- [PROBLEM DESCRIPTION]: Copy verbatim the block of lines in the entries below whose first line contains "Aston Martin Vantage" and whose last line contains "406 Old Charleston". Leave out all other lines.

- [SUPPLIED MATERIAL]:

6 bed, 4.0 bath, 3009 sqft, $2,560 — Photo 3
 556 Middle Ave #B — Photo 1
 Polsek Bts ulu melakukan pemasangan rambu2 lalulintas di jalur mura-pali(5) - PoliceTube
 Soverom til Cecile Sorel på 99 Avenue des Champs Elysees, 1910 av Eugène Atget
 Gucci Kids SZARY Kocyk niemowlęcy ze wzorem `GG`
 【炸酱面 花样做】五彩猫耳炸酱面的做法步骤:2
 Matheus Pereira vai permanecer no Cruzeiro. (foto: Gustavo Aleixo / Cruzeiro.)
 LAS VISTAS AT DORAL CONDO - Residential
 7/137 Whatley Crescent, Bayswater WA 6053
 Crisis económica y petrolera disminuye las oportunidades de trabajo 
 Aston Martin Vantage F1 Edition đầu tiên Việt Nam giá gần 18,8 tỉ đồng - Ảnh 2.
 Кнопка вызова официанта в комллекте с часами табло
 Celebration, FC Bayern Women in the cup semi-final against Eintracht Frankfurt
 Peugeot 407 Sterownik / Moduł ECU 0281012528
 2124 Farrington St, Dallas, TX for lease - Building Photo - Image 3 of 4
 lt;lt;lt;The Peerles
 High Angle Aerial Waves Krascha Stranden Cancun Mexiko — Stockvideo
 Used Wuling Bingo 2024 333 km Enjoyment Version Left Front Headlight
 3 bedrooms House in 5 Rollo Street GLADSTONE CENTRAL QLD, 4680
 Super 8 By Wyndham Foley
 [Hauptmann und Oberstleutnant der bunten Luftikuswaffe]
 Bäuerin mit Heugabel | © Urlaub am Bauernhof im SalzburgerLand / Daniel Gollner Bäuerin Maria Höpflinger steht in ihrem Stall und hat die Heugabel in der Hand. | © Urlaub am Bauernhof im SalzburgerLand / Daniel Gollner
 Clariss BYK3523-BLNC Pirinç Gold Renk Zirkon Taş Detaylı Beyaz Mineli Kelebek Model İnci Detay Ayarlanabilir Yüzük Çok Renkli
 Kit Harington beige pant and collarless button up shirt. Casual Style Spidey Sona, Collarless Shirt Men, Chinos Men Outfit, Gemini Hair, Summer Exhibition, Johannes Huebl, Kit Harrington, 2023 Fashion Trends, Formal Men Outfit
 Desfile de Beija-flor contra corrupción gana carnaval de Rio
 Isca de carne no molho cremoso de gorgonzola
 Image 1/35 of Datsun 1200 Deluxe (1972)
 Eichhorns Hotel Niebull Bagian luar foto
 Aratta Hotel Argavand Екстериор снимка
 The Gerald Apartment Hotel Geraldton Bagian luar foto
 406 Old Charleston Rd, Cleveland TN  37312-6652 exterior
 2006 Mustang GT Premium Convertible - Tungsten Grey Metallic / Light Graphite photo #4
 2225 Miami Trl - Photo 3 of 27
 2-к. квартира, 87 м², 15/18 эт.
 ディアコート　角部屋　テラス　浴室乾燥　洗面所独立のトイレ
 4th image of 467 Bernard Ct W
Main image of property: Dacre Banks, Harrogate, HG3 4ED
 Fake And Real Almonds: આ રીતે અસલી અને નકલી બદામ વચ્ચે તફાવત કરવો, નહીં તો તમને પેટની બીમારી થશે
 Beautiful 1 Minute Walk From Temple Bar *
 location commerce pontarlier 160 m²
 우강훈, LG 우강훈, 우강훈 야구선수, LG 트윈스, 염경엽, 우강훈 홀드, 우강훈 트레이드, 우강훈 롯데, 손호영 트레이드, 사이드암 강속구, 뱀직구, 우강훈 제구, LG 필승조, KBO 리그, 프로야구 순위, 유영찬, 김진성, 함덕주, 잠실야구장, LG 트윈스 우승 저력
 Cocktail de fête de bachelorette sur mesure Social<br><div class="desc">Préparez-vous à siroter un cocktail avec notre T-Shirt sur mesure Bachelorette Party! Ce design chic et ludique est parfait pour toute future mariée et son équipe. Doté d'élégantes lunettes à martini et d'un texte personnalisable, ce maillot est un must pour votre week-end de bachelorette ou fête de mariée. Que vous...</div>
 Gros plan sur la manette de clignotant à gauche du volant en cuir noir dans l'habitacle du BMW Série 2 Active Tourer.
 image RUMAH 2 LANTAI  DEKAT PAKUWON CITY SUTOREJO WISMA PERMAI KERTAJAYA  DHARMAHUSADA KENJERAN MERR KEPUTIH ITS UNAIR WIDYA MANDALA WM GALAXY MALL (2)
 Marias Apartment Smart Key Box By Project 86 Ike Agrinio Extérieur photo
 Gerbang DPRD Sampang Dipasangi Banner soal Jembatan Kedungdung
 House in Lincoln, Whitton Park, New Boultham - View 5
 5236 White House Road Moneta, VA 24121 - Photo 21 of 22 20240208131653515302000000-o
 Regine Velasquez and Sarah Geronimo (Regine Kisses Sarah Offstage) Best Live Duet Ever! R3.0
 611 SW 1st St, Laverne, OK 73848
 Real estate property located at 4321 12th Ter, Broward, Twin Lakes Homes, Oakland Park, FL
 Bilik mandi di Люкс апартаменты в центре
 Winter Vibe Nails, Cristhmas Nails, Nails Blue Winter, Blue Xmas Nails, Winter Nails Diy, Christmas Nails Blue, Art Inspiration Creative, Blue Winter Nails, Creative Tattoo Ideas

- [RESULT OF THE EXERCISE]:
 Aston Martin Vantage F1 Edition đầu tiên Việt Nam giá gần 18,8 tỉ đồng - Ảnh 2.
 Кнопка вызова официанта в комллекте с часами табло
 Celebration, FC Bayern Women in the cup semi-final against Eintracht Frankfurt
 Peugeot 407 Sterownik / Moduł ECU 0281012528
 2124 Farrington St, Dallas, TX for lease - Building Photo - Image 3 of 4
 lt;lt;lt;The Peerles
 High Angle Aerial Waves Krascha Stranden Cancun Mexiko — Stockvideo
 Used Wuling Bingo 2024 333 km Enjoyment Version Left Front Headlight
 3 bedrooms House in 5 Rollo Street GLADSTONE CENTRAL QLD, 4680
 Super 8 By Wyndham Foley
 [Hauptmann und Oberstleutnant der bunten Luftikuswaffe]
 Bäuerin mit Heugabel | © Urlaub am Bauernhof im SalzburgerLand / Daniel Gollner Bäuerin Maria Höpflinger steht in ihrem Stall und hat die Heugabel in der Hand. | © Urlaub am Bauernhof im SalzburgerLand / Daniel Gollner
 Clariss BYK3523-BLNC Pirinç Gold Renk Zirkon Taş Detaylı Beyaz Mineli Kelebek Model İnci Detay Ayarlanabilir Yüzük Çok Renkli
 Kit Harington beige pant and collarless button up shirt. Casual Style Spidey Sona, Collarless Shirt Men, Chinos Men Outfit, Gemini Hair, Summer Exhibition, Johannes Huebl, Kit Harrington, 2023 Fashion Trends, Formal Men Outfit
 Desfile de Beija-flor contra corrupción gana carnaval de Rio
 Isca de carne no molho cremoso de gorgonzola
 Image 1/35 of Datsun 1200 Deluxe (1972)
 Eichhorns Hotel Niebull Bagian luar foto
 Aratta Hotel Argavand Екстериор снимка
 The Gerald Apartment Hotel Geraldton Bagian luar foto
 406 Old Charleston Rd, Cleveland TN  37312-6652 exterior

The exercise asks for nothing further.